My wife had breast cancer at age thirty five.

Reply from The Daily Bell

Very sorry to hear that.

  Posted by David Brown on 12/05/09 08:23 AM

I just posted a comment about omega-6 fatty acid intake and the incidence of chronic disease. That's actually only one of four important issues that the Center for Nutrition Policy and Promotion (CNPP) needs to address in its Dietary Guidelines for Americans. This and the other three issues are discussed in this letter to President Obama.

November 27, 2009
President Barack Obama
The White House
1600 Pennsylvania Avenue NW
Washington, DC 20500

Dear Mr. President:

This is my second letter to you. The first elicited two form letter responses dealing with health care reform and immigration. Apparently, the White House does not receive sufficient correspondence regarding the quality of the food supply and the Dietary Guidelines for Americans debacle to warrant developing form letters for those issues. At any rate, in this letter I focus on the government's terrible dietary advice.

The Dietary Guidelines for Americans document is extremely important because the Guidelines are viewed as the final word as to what constitutes healthy eating in both the United States and in many other countries as well. Unfortunately, the Guidelines contain four major mistakes that need to be corrected.

The most important error is the doctrine that saturated fat is a health hazard because it raises cholesterol levels and supposedly clogs arteries. For more than three decades the public has been relentlessly bombarded with messages to that effect. The problem is, there is no hard scientific evidence behind this allegation; only the backing of the edible oils industry, sugar interests, vegetarian activists, the food manufacturing industry, and almost two generations of public health professionals trained to regard saturated fats as evil.

Soon after I began studying nutritional controversies more than three decades ago, I concluded that excessive sugar intake is a major dietary factor in heart disease. About 18 years later, after developing a leg ulcer, I learned that excessive omega-6 vegetable oil consumption promotes the inflammation associated with heart disease and other chronic conditions as well.

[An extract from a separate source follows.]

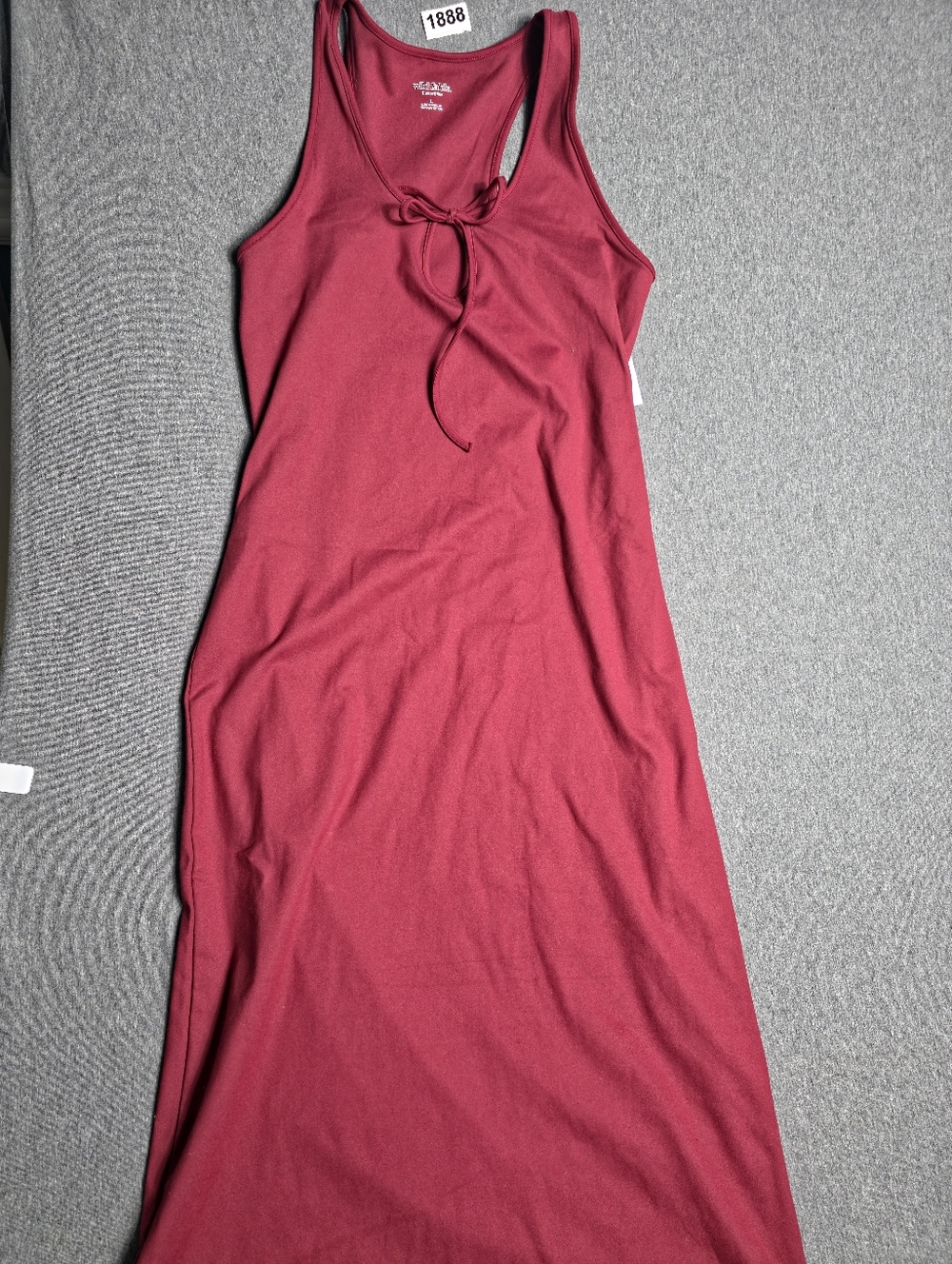 NWT wild fable Burgundy Tie-Front Maxi Dress Large Balletcore. Vacation. Resort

Yet the Dietary Guidelines have never contained a strongly worded warning against excessive consumption of either food ingredient. Well, things are changing. Dr. Robert Lustig has an excellent 89 minute presentation entitled "Sugar: The Bitter Truth" and Dr. Bill Lands has a 37 minute presentation entitled "Why Omega-6 Fats Matter to Your Health." Both presentations are easily accessed by web search.

So far I've covered three of the Dietary Guidelines mistakes, demonizing saturated fat, failure to warn the public about added sugars, and the recommendation to replace healthy saturated fats with omega-6 vegetable oils. The fourth mistake is the standard advice to reduce percentage of total fat intake to control weight and prevent heart disease. Again, Dr. Christopher Gardener has an excellent presentation entitled "Battle of the diets: is anyone winning at losing?"

Thanks to a handful of astute researchers and health care professionals, and some grass roots educational activity, there is growing awareness that the findings of science are not being properly utilized. For example, a student guest blogger on the American Society for Nutrition web site recently noted, "Truly, I am neither an obesity researcher nor a public health policy expert. But I do read material on this issue every now and then, and recently, I asked myself, why? United States is blessed with enormous research resources, facilities, and funding, but still, why can't we address the issue of obesity?"

Another student in an earlier blog post provided at least a partial answer when she observed, "Over the past decade the use of low fat milk has become more prominent than the use of whole milk because there is substantial scientific evidence that consumption of foods high in fat causes weight gain and increases the risk of heart disease and cancer. However, there is some controversy over whether processed low-fat pasteurized milk can meet the needs of developing offspring and whether it should be consumed during pregnancy and development....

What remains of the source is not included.